Because the woman at the well mentions Jacob, we quite naturally expect to find Jacob connected to wells. In this, we are not disappointed. Indeed, having seen Abraham and Isaac in connection with such, we would have to be astonished not to find similar stories concerning Jacob. Like Abraham’s servant, who had found Isaac’s wife (Jacob’s mother) through an event at a well, so too does Jacob find a wife for himself in much the same way. In Genesis twenty-nine, Jacob, having fled from his father’s house because of the ruse and fraud he had perpetrated upon his father and his brother (the source of a none-too-minor dispute between Jacob and his brother), “saw in the field a well with three flocks of sheep lying beside it, because the flocks were watered from that well” (29:2a). Providentially, Jacob, though this is the place to which he has been directed by his mother, presumably comes to the same well to which the servant of Abraham had come, and at which he is able to make inquiries concerning his mother’s brother, Laban. It is in concert with this inquiry that one of his future wives, Rachel, is introduced into the narrative, as she was coming towards the well with her father’s sheep (29:6).
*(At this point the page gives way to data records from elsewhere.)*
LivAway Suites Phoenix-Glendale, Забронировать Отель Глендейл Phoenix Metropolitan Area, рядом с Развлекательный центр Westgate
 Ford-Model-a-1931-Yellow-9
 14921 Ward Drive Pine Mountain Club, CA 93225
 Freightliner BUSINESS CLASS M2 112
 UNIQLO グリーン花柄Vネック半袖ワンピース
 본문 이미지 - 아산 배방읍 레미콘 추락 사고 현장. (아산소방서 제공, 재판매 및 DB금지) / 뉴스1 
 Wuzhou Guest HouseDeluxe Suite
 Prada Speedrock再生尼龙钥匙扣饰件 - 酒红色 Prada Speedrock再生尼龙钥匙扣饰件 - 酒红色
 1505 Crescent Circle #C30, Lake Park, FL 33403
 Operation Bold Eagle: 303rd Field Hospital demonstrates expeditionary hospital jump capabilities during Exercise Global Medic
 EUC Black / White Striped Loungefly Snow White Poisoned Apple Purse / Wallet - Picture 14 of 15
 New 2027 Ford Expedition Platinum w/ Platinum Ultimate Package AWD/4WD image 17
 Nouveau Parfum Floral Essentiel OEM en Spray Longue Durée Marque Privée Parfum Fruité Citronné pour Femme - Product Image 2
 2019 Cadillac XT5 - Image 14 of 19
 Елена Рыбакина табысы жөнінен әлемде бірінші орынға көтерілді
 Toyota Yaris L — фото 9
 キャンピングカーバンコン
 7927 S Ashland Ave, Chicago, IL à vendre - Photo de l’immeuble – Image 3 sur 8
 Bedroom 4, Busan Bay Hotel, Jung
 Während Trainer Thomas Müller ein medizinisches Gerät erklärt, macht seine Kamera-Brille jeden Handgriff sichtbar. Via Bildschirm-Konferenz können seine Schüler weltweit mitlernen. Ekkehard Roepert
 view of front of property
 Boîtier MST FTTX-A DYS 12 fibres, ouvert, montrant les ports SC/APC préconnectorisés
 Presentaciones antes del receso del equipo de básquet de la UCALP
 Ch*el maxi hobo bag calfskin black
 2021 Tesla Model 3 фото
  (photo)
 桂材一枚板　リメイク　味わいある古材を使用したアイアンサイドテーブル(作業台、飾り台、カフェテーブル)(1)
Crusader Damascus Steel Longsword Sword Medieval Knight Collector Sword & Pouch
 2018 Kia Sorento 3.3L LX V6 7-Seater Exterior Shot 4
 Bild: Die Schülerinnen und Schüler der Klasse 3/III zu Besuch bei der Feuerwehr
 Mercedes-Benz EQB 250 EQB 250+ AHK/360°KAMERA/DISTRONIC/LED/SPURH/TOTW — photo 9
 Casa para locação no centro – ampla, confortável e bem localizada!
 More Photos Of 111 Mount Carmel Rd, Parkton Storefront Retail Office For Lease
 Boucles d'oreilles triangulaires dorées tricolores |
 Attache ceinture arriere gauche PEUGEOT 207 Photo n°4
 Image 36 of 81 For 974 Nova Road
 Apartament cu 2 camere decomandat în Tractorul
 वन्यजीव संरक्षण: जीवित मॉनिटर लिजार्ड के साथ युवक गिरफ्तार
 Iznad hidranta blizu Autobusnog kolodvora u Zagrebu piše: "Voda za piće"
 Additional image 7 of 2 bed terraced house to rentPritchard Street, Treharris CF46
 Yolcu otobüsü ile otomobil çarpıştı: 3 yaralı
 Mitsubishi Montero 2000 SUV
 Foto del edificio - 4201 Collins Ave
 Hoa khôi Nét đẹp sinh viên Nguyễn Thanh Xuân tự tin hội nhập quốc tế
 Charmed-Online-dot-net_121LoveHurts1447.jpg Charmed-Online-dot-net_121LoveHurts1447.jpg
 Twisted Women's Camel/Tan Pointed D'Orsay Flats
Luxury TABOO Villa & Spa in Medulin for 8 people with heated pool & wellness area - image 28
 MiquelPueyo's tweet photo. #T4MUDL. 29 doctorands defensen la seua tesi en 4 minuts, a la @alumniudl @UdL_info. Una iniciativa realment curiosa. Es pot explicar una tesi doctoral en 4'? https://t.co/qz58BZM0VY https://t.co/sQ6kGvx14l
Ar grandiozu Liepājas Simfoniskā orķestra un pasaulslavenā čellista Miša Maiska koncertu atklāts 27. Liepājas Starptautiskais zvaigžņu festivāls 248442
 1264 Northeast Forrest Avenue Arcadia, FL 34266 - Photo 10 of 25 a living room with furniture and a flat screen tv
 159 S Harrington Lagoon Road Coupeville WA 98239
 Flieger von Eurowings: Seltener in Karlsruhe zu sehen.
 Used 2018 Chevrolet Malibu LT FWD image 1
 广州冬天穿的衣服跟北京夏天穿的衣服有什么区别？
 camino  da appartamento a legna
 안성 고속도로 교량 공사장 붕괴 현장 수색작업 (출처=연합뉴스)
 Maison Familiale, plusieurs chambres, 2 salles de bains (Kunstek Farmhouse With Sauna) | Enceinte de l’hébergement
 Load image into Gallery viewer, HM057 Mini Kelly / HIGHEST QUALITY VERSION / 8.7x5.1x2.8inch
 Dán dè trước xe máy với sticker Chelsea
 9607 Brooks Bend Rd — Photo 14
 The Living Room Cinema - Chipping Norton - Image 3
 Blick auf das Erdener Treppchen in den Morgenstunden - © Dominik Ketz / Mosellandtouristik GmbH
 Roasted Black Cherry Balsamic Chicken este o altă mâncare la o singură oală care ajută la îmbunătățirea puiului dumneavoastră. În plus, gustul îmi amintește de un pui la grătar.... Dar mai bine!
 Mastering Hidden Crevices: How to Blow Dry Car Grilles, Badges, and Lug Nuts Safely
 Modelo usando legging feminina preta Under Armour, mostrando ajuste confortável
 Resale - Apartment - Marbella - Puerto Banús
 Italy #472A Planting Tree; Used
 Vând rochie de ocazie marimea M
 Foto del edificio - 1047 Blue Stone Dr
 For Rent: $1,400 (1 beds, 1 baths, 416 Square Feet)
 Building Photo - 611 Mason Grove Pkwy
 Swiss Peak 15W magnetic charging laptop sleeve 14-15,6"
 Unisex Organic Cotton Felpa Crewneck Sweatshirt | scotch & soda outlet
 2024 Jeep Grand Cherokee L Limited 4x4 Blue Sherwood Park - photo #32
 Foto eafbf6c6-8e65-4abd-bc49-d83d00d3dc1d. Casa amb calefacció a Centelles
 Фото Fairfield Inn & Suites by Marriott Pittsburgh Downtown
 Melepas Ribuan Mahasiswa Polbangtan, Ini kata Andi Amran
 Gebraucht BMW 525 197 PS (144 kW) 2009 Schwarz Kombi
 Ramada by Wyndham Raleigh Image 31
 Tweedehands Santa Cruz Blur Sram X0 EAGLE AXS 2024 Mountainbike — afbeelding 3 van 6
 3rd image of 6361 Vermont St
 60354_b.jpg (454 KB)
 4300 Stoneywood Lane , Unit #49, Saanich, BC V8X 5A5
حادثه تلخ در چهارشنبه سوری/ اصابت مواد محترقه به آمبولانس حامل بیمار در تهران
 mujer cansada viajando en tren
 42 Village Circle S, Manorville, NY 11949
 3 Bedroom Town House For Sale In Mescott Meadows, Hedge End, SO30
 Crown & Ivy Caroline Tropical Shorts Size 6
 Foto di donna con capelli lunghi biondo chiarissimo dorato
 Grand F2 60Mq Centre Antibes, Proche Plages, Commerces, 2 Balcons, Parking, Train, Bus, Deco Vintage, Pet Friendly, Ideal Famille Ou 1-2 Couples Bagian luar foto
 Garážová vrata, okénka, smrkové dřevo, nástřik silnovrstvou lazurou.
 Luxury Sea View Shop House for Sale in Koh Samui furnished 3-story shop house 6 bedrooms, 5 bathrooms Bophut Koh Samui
In contrast to what we saw with Abraham’s servant, whose plea to the Lord was answered with Rebekah watering his animals, Jacob “went over and rolled the stone off the mouth of the well and watered the sheep of his uncle Laban” (29:10b). Similar to what we have seen previously from him, when Rachel informs her father about Jacob’s presence, “he rushed out to meet him. He embraced him and kissed him and brought him to his house” (29:13b). Fascinatingly, this is the only well that we see in connection with Jacob, as part of the Scriptural narrative. Never do we see anything referred to as “Jacob’s well,” as alluded to by the Johnannine author and the Samaritan woman. Now, this is not to say that there was no such thing as Jacob’s well, as it is most likely, due to its location, a well located within the territory of the promised land that was bequeathed to Joseph before Jacob’s death. With such knowledge, we can surmise that a well there came to be known as “Jacob’s well,” even if there was no overt connection to Jacob within the shared historical memory of Israel. This piece of information, however, does nothing to change the nature of the encounter between Jesus and the Samaritan woman. The fact remains that a tradition of wells would underscore the thoughts of Jesus, His disciples, the woman at the well, the townsfolk that hear the woman and her story, and the author of the narrative.
From here, we depart from Genesis, moving on to Exodus, which is the event (so much more than just the title of the book) that gives definitive shape to Israel’s self-consciousness. Indeed, it can even be said that the understanding of the God of Abraham, Isaac, and Jacob, as revealed in Genesis, is shaped by the self-revelation of that God as the God of Israel’s exodus. This means that the God that reveals Himself as One Who works and intervenes on behalf of His people and His creation, from the beginning of the Genesis narrative, is understood through the lens of the God that liberated Israel from Egypt, provided them a covenant charge, with guidance as to how to live up to their covenant responsibilities, and guided them to their promised land. This holds especially true if Moses is indeed the primary author/compiler/compose of the Torah, thus making it impossible to separate the notion of exodus (rescue, deliverance, redemption, restoration, etc…) from thoughts about the Creator God of Israel. Indeed, thinking along such lines allows us to view Genesis one and two as a divine rescue, much like Israel was divinely rescued from their Egyptian bondage.
With such thoughts reverberating within our minds during our conscientious approach to the broad Scriptural narrative, we are thoroughly unsurprised to see Moses, after fleeing Egypt in the wake of his murder of an Egyptian that had been mis-treating an Israelite, settling in the land of Midian and doing so by a “certain well” (Exodus 2:15b). Our level of surprise continues in its restraint as we read that “a priest of Midian had seven daughters, and they came and began to draw water and fill the troughs in order to water their father’s flock. When some shepherds came and drove them away, Moses came up and defended them and then watered their flock” (2:16-17). In this, Moses becomes like Jacob, watering the flock for one who will eventually come to be his wife. Like we saw with Rebekah and Rachel, there was a rush to return home so that these girls might share their story with their father (2:18-19). In response, Moses is summoned to the home of the priest. He “agreed to stay with the man, and he gave his daughter Zipporah to Moses in marriage” (2:21). With this third patriarchal (in the broadest sense) instance of a wife being found at a well, it is with interest that we note that part of Jesus’ conversation at the well, with the Samaritan woman---the part that convinces her of His status as a prophet, centers upon the subject of marriage. It is almost as if to say that the woman, who actually lacks a husband though it is said that she has had several, has come to the well, and through this encounter with the one that can truly provide water (as did Jacob and Moses), she found herself a true and lasting husband.